For all periods up to 30 June 2019, Zegona concluded that the
ability it had to contribute to Euskaltel's board and committees
did not confer the power to participate in Euskaltel's financial
and operating policy decisions and therefore the criteria for
equity accounting within IAS 28 Investments in Associates and Joint
Ventures were not met. Zegona had therefore accounted for its
investment in Euskaltel as a financial asset measured at fair value
through profit or loss in accordance with IFRS 9 Financial
Instruments. Zegona will continue to re-evaluate this conclusion in
future periods, including assessing the impact of developments in
recent months around Zegona's increased investment, board
representation and Euskaltel management changes, and may conclude
that it is appropriate to apply equity accounting.

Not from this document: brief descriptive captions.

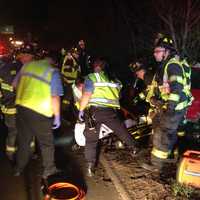 <p>Fairfield Fire Department at work at the scene of the fatal rollover on I-95. </p>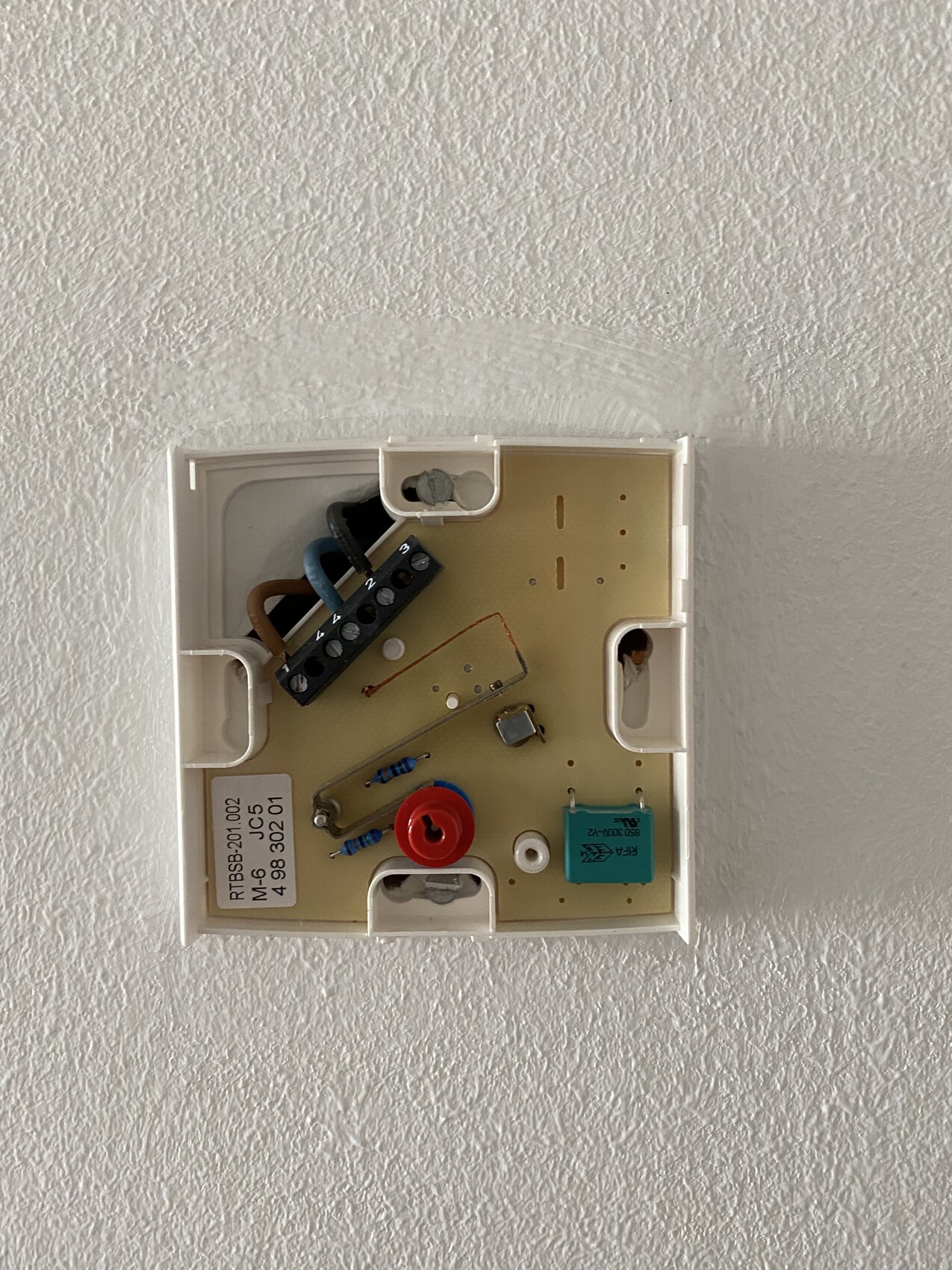 Inside view of a wall thermostat with circuit board, wires, resistors, and button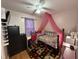 Bedroom with a bed canopy, desk, and wood-look flooring at 6908 Park Pl, Raleigh, NC 27616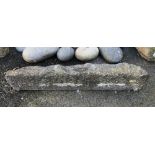 An antique carved granite lintel, 42in. long.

Zegona has granted security to Euskaltel by a share pledge over
1,663,158 of its shares in Euskaltel with respect to certain
credits generated in favour of Telecable. At 30 June 2019,
3,431,268 shares are unpledged, with the remainder granted as
security to Barclays by a share pledge with respect to the loan
facility as described in note 8.
7. OTHER CURRENT FINANCIAL ASSETS
The other current financial assets balance of EUR5.0 million (31
December 2018: EUR4.8 million) comprises solely the contingent
consideration receivable from the sale of Telecable. This compares
to a base case model present value of EUR6.9 million (31 December
2018: EUR6.7 million) and Zegona's best estimate of the
undiscounted cash flow that it will receive of EUR7.1 million (31
December 2018: EUR7.1 million). The contingent consideration is
payable by Euskaltel in cash up to a maximum amount of EUR15
million upon confirmation that a range of net tax assets are
available to Euskaltel and may be used to offset its future tax
payments.
Note EUR000
Balance at 31 December 2018 4,826
Change in unrealised fair value recognised
in profit or loss 4 140
Balance at 30 June 2019 4,966
=======
The eventual amount to be received depends on several factors
that are entirely specific to Euskaltel. These factors include the
availability of tax assets, the extent to which there will be
sufficient taxable profits to utilise these assets, and assumptions
around the outcome of certain open interactions with the Spanish
tax authorities. There have been no material updates to these
significant unobservable inputs since 31 December 2018.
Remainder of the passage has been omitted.